Now that the rabbit family was so increased, they enlarged their quarters considerably. Sometimes they used the tunnels of a bygone generation, but more often dug them out for themselves. This is a plan of the burrow, and, as will be seen, it is very complicated and irregular. Whenever one of the rabbits felt inclined he dug a new passage, but as he generally left it unfinished, there were many blind alleys which led nowhere in particular. All the parts which are shaded in the plan were seldom-used 'hide-ups' and 'escapes,' but the rabbits knew their geography very well, and in times of danger generally had at least one 'bolt-hole' open.

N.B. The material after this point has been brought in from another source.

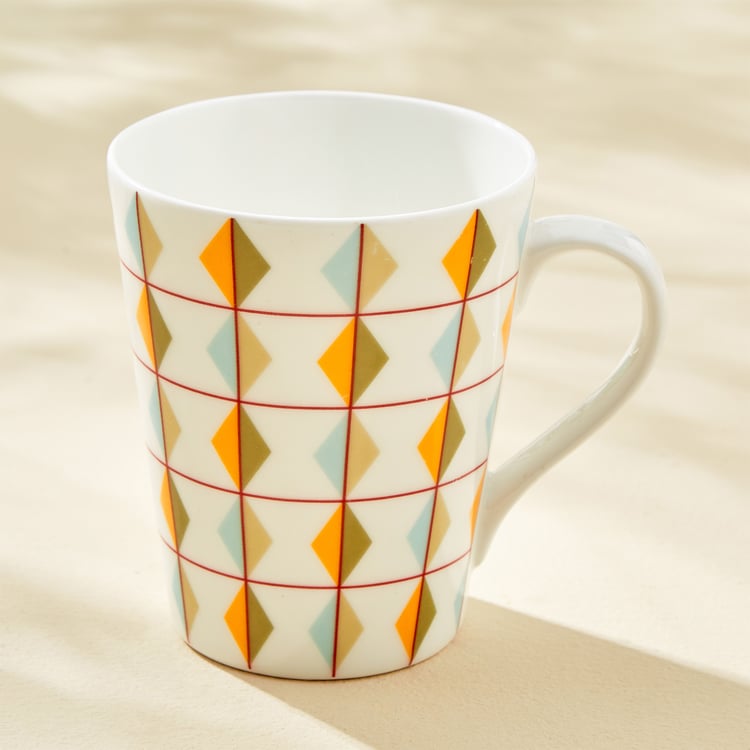 Mandarin Harvey Set of 3 Bone China Printed Coffee Mugs - 340ml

That August was very wet and cold. There was never very much grass on Garry's Hill, and now what there was was wet and sodden, and the wind drove through the lonely hawthorn bush on the summit with a roaring rush. Clouds of mist drifted over Knockdane, and the pigeons were blown about the rainy skies. The hill burrow was well drained and dry, but on the flat lands the holes were filled with water, and the rabbits lay out in the damp woods.

Garry's Hill stood in a field, at the bottom of which was a blackthorn fence among whose roots dwelt a colony of brown rats. A stream flowed swiftly at the foot of the hedge, and one gusty afternoon when one of the rabbits crept out to nibble a little sodden grass, it was rising fast. The rabbit did not notice it, however, for the Fur Folk have no time to waste over what does not directly concern them, and even when she saw a big grey rat, dripping wet, run up the bank, she did not take the alarm.

All the early part of the night the rain came down steadily until the upper galleries of the warren were quite wet. The burrow was pitch dark, and the air hot and thick, when Cuni awoke. She was blocked in on all sides by warm furry bodies, nevertheless she detected an unusual noise at the burrow's mouth--a faint scratching, and then a squeak. Something was creeping in. Cuni kicked the ground warningly, and as the others awoke, she pushed into the main passage. Something small and wiry beneath her paws squealed and snapped. Cuni darted up the passage stamping wildly--it was a rat.

By this time the rest of the rabbits were awake and rushing about in a panic. Every now and then they collided in the darkness, and fled under the impression that they had run against an enemy. Rabbits are like sheep: let one lose his head and the rest will follow suit.

Suddenly there was a sonorous 'thump,' and Fluff-Button, king of the burrow, came out of his dormitory, to be nearly carried off his legs by a pair of rabbits who jostled past him. All at once, in the narrowest part of the tunnel, he came upon a party of rats. They were all draggled and wet, and crowded into the burrow for shelter, for the brook had risen and drowned them out of their homes. Fluff-Button backed into a hide-up, and the rats crowded after him. A rabbit cannot fight his best in cramped quarters, but a grown buck has plenty of courage when pushed into a corner, and his sharp claws are weapons not to be despised. One rat nipped Fluff-Button's shoulder, and in an instant the latter buried his teeth in the aggressor's quarters. The rat yelled, for they cut like chisels, and his companions came on eagerly. Like a schooner among a fleet of herring boats, Fluff-Button ploughed through the band, jostling them right and left, and sprang into the wider chamber further on where a herd of frightened doe rabbits crouched. Here he had more space, and when he heard the invaders coming, he kicked out with his strong hind claws. The foremost rat rolled back limply with blood upon his snout, and instantly the rest threw themselves upon him with shrill cries. Fluff-Button took advantage of the respite to fly. He scuttled through the tortuous windings of the burrow, and through a bolt-hole to the open air. It was still raining fitfully, but there was a pale streak in the east where the sun would presently rise. Rabbits popped in and out of all the holes, for they dared not rest below ground lest the rats should drive them into one of the many 'hide-ups' and then attack them. Fluff-Button scampered over the brow of the hill, and into a bolt-hole on the other side, where he lay panting.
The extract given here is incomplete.